Life as a roof warrior, as the Peacock’s Martin Bowers calls the men who lived in the hut, was never easy and for McKenzie the start of his professional career followed a difficult path during what was surely a desperate time: in his first 11 fights he lost six times. It was a similar record to most of the men fighting desperately for something better in a neglected part of London that is only now changing.
“I took some bad advice and I took some tough fights,” admitted McKenzie, who met a succession of unbeaten men and prospects. “The boxing business was hard then, still is, but I kept on going. All of us in that place kept on going. We had to keep fighting, that was all that we knew.” McKenzie lived in the attic, as he calls the old shed, for nearly four years before a move to Derby, where he supplemented his boxing earnings with volatile nights on the doors. The shed was taken down in about 2005, but remains a colourful part of the Peacock’s history.

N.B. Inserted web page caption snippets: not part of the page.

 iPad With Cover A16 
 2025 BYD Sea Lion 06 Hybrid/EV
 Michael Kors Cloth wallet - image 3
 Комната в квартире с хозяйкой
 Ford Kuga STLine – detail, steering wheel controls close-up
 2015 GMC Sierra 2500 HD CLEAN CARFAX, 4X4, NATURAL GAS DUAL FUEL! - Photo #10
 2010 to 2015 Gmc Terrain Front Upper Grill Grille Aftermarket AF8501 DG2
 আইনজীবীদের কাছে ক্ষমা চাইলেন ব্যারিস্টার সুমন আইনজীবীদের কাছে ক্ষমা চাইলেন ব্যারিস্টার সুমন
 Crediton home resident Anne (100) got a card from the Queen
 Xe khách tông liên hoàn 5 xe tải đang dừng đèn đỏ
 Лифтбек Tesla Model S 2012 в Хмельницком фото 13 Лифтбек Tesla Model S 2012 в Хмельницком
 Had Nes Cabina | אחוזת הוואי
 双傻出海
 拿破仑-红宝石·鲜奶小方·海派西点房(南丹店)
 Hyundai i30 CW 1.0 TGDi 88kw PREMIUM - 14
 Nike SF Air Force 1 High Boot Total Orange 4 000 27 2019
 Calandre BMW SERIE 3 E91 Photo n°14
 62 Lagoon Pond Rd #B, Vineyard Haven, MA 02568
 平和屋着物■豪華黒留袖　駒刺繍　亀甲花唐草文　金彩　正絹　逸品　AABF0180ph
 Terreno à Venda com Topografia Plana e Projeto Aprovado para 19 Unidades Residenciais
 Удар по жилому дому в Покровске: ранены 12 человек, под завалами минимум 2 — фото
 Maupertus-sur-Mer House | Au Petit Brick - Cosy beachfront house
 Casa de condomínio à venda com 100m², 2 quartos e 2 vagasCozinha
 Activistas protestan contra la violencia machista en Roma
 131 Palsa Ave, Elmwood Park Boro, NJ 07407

When McKenzie won the British cruiserweight title last summer, as the away boxer in a local fighter’s hometown, he had lost 12 times in 34 fights, which is the type of raw statistic that belongs in the Fifties and Sixties and not in modern boxing, where so few of our top fighters end their careers with more than three or four defeats.
This Saturday in Widnes, McKenzie defends his British and Commonwealth cruiserweight titles against Matty Askin in what will be a rare appearance where he is considered the “house” fighter and part of the promotion.
“It has taken a long, long time to get here,” said McKenzie. “I have had so many rejections on the way, so many setbacks and, it’s funny… I kinda like the rejections. It gives me something to fight for. Now, it’s different because I’m fighting for a world title chance.” McKenzie is 35, the best cruiserweight in Britain and there is every chance of securing a world title fight, even in a skewed business where being the best in your weight is an irrelevancy when it comes to negotiating world title fights.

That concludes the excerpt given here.